HCV and Intravenous Immune Globulin
Journal of American Medical Association 1997;277:627-628
JAMA Letters - February 26, 1997
To the Editor.--The diagnosis of common variable
immunodeficiency (CVI) is made by demonstrating the lack of the
ability to generate new antibody responses or recall antibody
responses against protein antigens, such as tetanus and diphtheria,
coupled with low serum immunoglobulin levels and recurrent
infections. It is interesting that in the cohort described by Dr
Bresee and colleagues,[1] 26 of 29 immune-deficient patients (the
bulk of whom appear to have CVI) who were documented to be positive
for hepatitis C virus (HCV) nucleic acid were able to generate an
antibody response against HCV proteins. Is there some special
feature on the protein constituents of HCV that enables it to
overcome the profound immune dysfunction characteristic of CVI?

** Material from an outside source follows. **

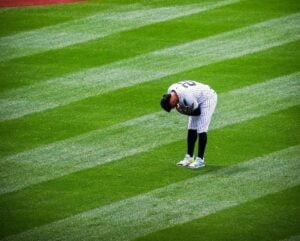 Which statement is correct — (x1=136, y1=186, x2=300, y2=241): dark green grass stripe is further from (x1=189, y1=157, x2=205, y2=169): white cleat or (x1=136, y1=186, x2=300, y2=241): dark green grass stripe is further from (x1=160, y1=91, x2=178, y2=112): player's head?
(x1=160, y1=91, x2=178, y2=112): player's head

Eric Macy, MD; Kaiser Permanente Health Care Program; San Diego,
Calif
References
1. Bresee JS, Mast EE, Coleman PJ, et al. Hepatitis C virus
infection associated with administration of intravenous immune
globulin: a cohort study. JAMA. 1996;276:1563-1567.
(JAMA. 1997;277:627)
To the Editor.--Dr Bresee et al[ 1] reported an epidemic of HCV
infection among immunodeficient persons treated with Gammagard
intravenous immune globulin (IGIV). The aggregate of 23 cases in 1
clinic was convincingly attributed to 9 or more lots. Related cases
are known elsewhere in the United States, as well as in the United
Kingdom, Sweden, and Spain. Investigators of the Boston, Mass,
aspect of the epidemic concluded that the introduction of more
sensitive donor screening for the antibody to HCV (anti-HCV)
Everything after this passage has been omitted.